Requirement >>
The output must contain exactly the lines from the top of the listing below through the line containing "I'm going to", and no pictures.
++++++++++
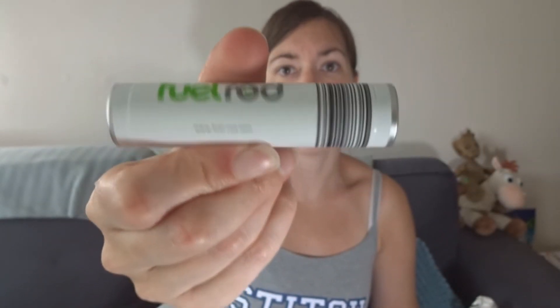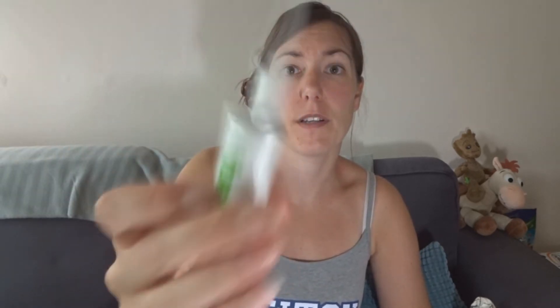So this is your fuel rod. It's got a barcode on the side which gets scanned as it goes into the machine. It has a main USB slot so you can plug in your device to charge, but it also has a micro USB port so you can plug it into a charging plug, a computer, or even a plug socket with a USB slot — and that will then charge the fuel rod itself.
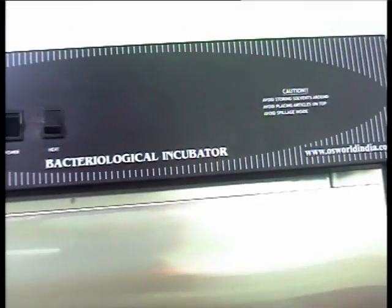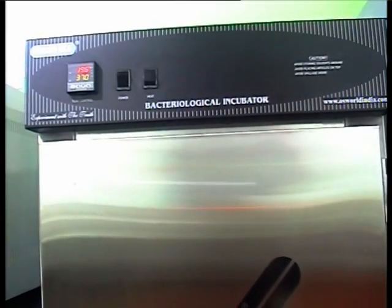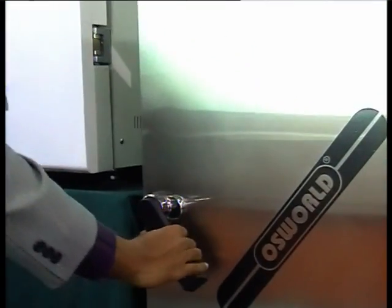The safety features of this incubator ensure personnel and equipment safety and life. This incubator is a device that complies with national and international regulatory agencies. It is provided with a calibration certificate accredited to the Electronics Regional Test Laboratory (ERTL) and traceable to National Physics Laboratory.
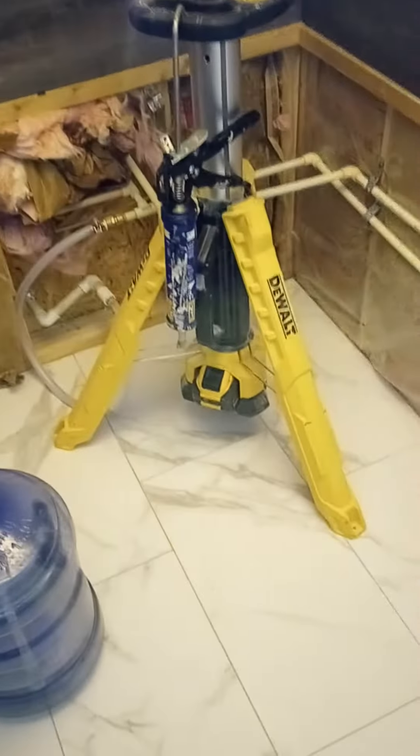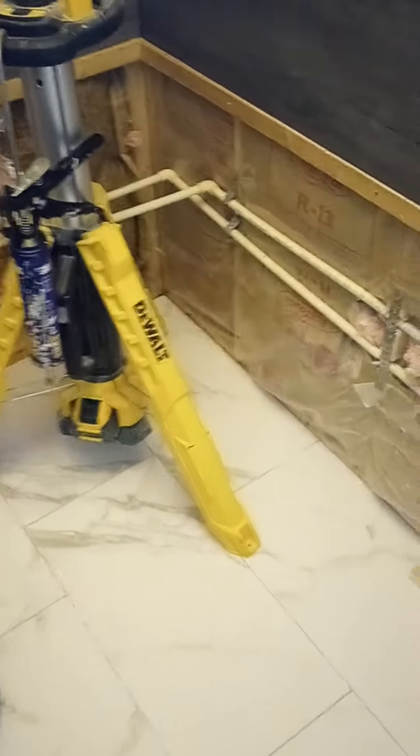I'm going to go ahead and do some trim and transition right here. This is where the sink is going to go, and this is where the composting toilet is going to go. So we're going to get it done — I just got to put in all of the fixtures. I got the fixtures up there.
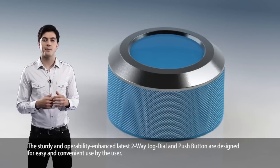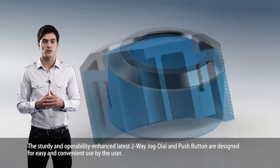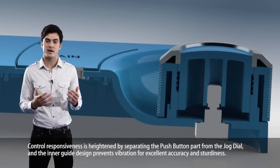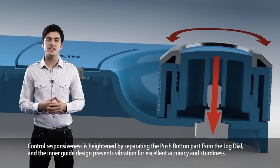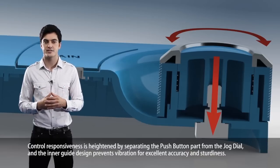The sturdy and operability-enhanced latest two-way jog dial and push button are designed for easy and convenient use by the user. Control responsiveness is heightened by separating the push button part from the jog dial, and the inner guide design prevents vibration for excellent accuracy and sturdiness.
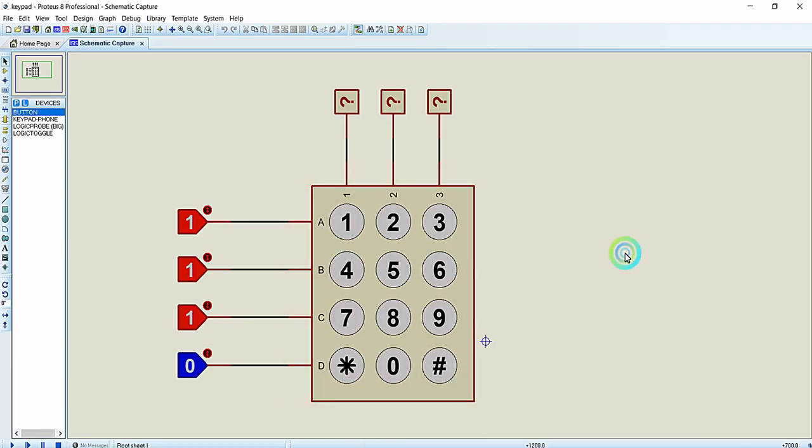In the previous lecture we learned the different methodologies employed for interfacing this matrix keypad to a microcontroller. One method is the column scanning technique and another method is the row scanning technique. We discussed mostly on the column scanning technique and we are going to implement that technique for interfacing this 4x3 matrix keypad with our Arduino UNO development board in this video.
++++++++++
Solution to this problem >>
So this is your fuel rod. It's got a barcode on the side which gets scanned as it goes into the machine. It has a main USB slot so you can plug in your device to charge, but it also has a micro USB port so you can plug it into a charging plug, a computer, or even a plug socket with a USB slot — and that will then charge the fuel rod itself.
The safety features of this incubator ensure personnel and equipment safety and life. This incubator is a device that complies with national and international regulatory agencies. It is provided with a calibration certificate accredited to the Electronics Regional Test Laboratory (ERTL) and traceable to National Physics Laboratory.
I'm going to go ahead and do some trim and transition right here. This is where the sink is going to go, and this is where the composting toilet is going to go. So we're going to get it done — I just got to put in all of the fixtures. I got the fixtures up there.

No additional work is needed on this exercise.